#### [Data for this exercise]

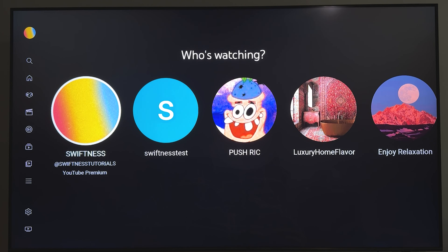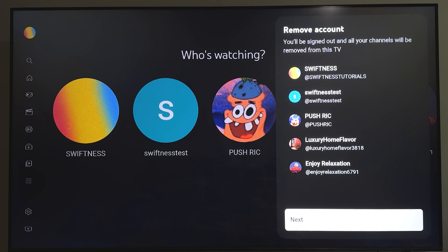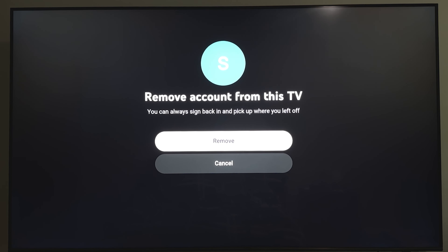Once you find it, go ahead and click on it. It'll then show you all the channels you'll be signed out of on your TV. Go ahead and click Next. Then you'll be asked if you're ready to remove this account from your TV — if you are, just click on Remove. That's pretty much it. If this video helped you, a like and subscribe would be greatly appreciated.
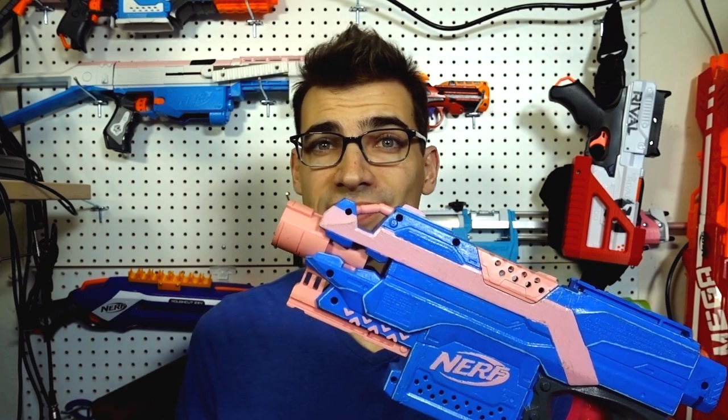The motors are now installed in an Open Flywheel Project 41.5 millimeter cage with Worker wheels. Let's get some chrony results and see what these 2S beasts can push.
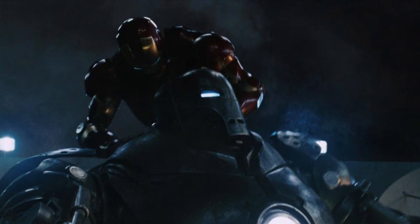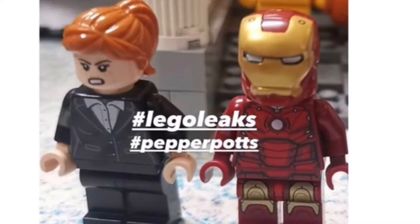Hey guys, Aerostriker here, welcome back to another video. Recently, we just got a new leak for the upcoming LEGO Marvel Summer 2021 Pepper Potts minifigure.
==
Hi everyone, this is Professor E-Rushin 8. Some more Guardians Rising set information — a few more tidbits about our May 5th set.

#### [Activity]
Give back exactly, and solely, the section of the data above bounded by the line containing "The motors are" and the line containing "Hey guys, Aerostriker", both bounding lines included and pictures omitted.

#### [Answer to this problem]
The motors are now installed in an Open Flywheel Project 41.5 millimeter cage with Worker wheels. Let's get some chrony results and see what these 2S beasts can push.
Hey guys, Aerostriker here, welcome back to another video. Recently, we just got a new leak for the upcoming LEGO Marvel Summer 2021 Pepper Potts minifigure.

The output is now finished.